To help prepare for the challenges ahead, the company has highlighted five secular trends and one “supersecular” factor that have the potential to disrupt the global economy, financial markets, and investors’ portfolios during the next three-to-five years.

 

China

China has the potential to disrupt the global economy and markets in at least three different ways, according to the firm.

Firstly, while PIMCO assumes “a controlled gradual slowdown of China’s economic growth over the secular horizon,” it acknowledges that the path may be bumpier than expected, especially if the US-China trade war escalates further.

“In the case of a sharper slowdown, the massive build-up of internal debt over the past decade would be more difficult to digest and could aggravate a downturn,” the firm noted.

An aggressive currency depreciation, it said, “would send a deflationary shockwave through the global economy”.

Second, assuming a growth scenario, China’s efforts to move up the ladder to higher-value-added manufacturing with the help of leading-edge technologies will likely disrupt established producers in Europe, Japan, the US, and south-east Asia.

Thirdly, China’s ambition to establish a global sphere of influence, could disrupt the established geopolitical order dominated by the US, and could lead to continuing economic and political tensions with its western counterpart in the coming years.

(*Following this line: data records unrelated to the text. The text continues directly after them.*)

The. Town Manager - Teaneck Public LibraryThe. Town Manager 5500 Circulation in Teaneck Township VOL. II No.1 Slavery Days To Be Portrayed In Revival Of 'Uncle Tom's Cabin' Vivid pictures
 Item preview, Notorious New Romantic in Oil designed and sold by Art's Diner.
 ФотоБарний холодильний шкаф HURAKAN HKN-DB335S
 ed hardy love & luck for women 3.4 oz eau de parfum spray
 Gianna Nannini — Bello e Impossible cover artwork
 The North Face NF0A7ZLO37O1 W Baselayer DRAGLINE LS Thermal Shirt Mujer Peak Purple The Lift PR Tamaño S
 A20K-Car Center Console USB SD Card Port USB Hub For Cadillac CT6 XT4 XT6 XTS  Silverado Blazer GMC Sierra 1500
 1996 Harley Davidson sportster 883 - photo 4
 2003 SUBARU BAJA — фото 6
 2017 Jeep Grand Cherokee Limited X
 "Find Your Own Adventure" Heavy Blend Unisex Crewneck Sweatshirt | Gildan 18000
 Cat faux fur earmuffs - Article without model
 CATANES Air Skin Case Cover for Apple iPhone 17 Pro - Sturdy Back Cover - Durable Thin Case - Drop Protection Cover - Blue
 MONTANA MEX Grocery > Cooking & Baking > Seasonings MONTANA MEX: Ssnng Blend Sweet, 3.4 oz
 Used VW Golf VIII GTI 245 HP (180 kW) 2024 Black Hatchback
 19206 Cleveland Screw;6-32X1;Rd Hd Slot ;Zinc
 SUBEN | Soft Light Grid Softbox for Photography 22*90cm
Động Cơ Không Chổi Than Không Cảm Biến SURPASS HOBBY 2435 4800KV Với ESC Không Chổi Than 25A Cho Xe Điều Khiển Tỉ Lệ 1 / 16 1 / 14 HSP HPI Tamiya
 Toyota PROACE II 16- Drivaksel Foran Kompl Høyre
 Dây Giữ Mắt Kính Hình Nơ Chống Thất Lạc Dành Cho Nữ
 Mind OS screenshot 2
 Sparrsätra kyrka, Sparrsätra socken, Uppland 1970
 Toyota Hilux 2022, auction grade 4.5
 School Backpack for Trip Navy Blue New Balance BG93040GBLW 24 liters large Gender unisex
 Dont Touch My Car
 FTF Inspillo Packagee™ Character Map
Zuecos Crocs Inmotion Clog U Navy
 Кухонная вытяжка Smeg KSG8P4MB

Investors will have to contend with the resulting bouts of market volatility, the firm warns.


 

Populism

While it is unclear whether populism has already peaked, PIMCO said, populist movements, parties and candidates will likely continue to disrupt national and international politics and policymaking over the next three years.

Populist movements on both sides of the political spectrum are inward-looking and prone to erect barriers. However, depending on the form they take, they could result in either positive or negative economic and financial outcomes.

In one scenario, “economic growth and asset prices would be supported if populist governments, or traditional governments under pressure from a populist opposition, tackle overly zealous regulations, reduce the tax burden, or address excessive inequality”.

Other forms of populism would, instead, hinder growth and depress asset prices, “especially when they are aimed at slowing or reversing globalisation by increasing impediments to immigration, cross-border trade in goods and services, and capital flows”.

In addition, the various forms of populism are likely to lead to more divergent economic policies and outcomes across countries.

“Over the secular horizon, we expect more varied and, in some cases, more extreme policy approaches, which could increase the importance of the country factor for asset price determination and also produce larger exchange rate variability,” it further noted.

 

Demographics

In many major economies, slower population growth and higher life expectancy are significant contributors to slow economic growth, low inflation and a “global savings glut” that depress neutral interest rates.

“This is likely to continue to force the major central banks to keep policy rates low or even negative and to engage in asset purchases during or even outside recessions whenever the lower bound for interest rates becomes bounding,” said PIMCO strategists.

As these trends last, they become more disruptive in several ways.

“First, low interest rates and flat yield curves for longer pose challenges for the financial sector, which is an important transmission channel for monetary policy,” they explained.

“Second, low rates for longer have contributed to rising corporate leverage and pushed many investors into riskier asset in search for yield, which increases the vulnerability of private sector balance sheets in the event of major asset market corrections.

“Third, with central banks having limited tools in a low-rate environment and government borrowing costs low, both the calls for and the temptation to engage in more active expansionary fiscal policy are increasing.”

The report concluded that of the major advanced economies, the eurozone looks most likely to be disrupted by “Japanification,” defined as a demographically challenged macroeconomic environment of low growth, near-zero inflation, and very low interest rates.


 

Technology

As new technologies get better, cheaper, and therefore more accessible to a wider range of companies, their benefits for productivity growth are becoming increasingly visible.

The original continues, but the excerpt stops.